There is more to Whistler's streams than scenic beauty and recreation
The cycle of water and wildfire: our mountains, streams and fire seasons are deeply intertwined.

Ah, the glorious signs of spring! The snow is melting, and streams are flowing. Isn’t it magical to have all the picturesque streams flowing through Whistler? But wait, there is more to these streams than just scenic beauty and recreation. They can give us hints about the upcoming fire season!

Every stream has a unique annual rhythm, resulting from the amount and form of water that flows into that stream system. Both short-term weather and long-term climatic patterns, like the familiar El Niño/La Niña, can help us predict how much water will be flowing and where it is coming from. This past winter, for example, we all experienced the effects of a strong El Niño winter with milder temperatures and less snowfall than typical—and boy, did the snowpack reflect it!

The health of Whistler’s many ecosystems relies on these annual rhythmic patterns of stream flow. When these patterns shift, nearby ecosystems feel the ripple effects. We call these fluctuations in stream flow hydrologic regimes, and in B.C., we categorize them based on those most influenced by rain (pluvial system), snowmelt (nival system), or glacial melt. In Whistler, our streams are mainly influenced by snowmelt and glacial systems giving us higher flows in spring through early fall and lower flows in the winter. The melt of annual snowfall precedes the melt of glaciers, allowing for a consistent supply of water during the warmest months of the year.

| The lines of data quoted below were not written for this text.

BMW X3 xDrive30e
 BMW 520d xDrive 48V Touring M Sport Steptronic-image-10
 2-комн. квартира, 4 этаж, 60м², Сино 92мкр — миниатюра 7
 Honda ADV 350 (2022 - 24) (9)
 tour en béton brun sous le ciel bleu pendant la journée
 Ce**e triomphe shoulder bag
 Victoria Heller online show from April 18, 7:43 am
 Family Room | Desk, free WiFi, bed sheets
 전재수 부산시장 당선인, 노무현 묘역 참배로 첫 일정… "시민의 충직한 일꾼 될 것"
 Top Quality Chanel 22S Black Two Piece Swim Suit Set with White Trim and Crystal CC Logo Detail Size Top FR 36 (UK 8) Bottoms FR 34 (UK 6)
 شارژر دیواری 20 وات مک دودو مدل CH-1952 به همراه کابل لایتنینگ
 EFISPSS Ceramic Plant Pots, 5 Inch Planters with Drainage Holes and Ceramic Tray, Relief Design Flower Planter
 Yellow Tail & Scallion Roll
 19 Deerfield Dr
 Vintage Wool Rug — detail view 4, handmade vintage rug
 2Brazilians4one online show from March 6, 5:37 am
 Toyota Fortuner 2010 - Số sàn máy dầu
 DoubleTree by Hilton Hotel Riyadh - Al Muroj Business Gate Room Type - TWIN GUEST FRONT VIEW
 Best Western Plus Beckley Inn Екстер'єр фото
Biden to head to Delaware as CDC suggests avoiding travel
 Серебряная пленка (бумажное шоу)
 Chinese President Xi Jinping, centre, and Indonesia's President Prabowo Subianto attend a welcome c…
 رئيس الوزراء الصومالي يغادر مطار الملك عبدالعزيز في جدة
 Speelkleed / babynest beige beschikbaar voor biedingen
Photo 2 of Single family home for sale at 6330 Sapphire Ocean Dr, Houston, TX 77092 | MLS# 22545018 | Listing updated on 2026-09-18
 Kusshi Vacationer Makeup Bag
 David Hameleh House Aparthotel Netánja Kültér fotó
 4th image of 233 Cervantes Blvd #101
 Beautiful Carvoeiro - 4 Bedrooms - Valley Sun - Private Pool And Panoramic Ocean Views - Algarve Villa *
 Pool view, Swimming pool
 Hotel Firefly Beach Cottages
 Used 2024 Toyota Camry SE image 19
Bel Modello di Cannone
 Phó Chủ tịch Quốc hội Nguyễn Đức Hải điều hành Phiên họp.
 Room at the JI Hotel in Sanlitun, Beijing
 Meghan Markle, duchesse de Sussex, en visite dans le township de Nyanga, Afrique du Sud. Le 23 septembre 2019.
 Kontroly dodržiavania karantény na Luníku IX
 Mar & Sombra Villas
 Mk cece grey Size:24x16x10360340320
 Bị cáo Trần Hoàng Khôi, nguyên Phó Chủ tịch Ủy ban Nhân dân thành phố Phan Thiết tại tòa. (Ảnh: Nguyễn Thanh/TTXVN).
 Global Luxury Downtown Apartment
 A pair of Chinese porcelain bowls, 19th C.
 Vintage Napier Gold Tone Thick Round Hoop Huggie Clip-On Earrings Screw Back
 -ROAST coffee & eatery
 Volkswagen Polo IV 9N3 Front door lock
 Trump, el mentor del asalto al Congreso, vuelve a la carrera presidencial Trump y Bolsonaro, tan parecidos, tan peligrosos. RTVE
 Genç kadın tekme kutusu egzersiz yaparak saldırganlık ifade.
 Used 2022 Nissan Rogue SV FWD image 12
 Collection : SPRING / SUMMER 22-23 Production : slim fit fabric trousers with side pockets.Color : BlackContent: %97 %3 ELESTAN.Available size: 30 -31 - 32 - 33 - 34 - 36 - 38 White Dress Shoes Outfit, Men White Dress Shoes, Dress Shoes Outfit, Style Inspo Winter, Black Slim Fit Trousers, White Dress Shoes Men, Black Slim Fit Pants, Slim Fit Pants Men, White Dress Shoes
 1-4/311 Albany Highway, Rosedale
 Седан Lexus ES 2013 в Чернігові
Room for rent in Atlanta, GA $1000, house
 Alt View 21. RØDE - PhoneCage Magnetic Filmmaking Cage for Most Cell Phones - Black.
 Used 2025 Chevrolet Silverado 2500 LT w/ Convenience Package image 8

Moisture in plants, soils, and the atmosphere are all important factors in maintaining a fire-resistant forest. In the winter, many plants die back or go into “sleep” mode, but come spring, they wake up thirsty, ready to take up and hold water. Unfortunately, during February’s early rainfall, the plants weren’t quite ready to drink it all in, so much of the water that usually comes as snow, which is vital to the forest, washed away.

Consistent water supply keeps forest soil hydrated, with soils acting like a sponge that filters and retains water and nutrients. If our snowpack runs dry earlier than usual, our forests’ ability to act like a sponge will decrease. This could lead to parched soils, from the topsoil layer deep into the ground, and drought-stressed plants, creating perfect fuel for wildfires.

Speaking of wildfire fuel, the type and availability of it greatly influences both the intensity (amount of heat energy produced) and severity (amount of plants/infrastructure burned). An increase in dead plants, or dry logs, provides more easily ignitable fuel, and low, dead branches can potentially turn fires into canopy-climbing monsters, spreading faster than you can say “Smokey Bear.” Dry soils turn surface fires into a sprinting race, and can even lead to “zombie” fires that smoulder underground throughout the winter and can reignite the following summer. Scary!

The connection between winter conditions, stream flow, the upcoming fire season, and the future of our mountain sports are deeply entwined. With less moisture in our forest’s soils, combined with dry, warm conditions, the stage is set for wildfires that are not just bigger, but nastier, too. And this season’s change in hydrologic rhythm isn’t a one-off; as nature’s patterns are changed climatically from the “norm,” our forests will likely become hotter and drier, making each wildfire season a bit scarier than the last.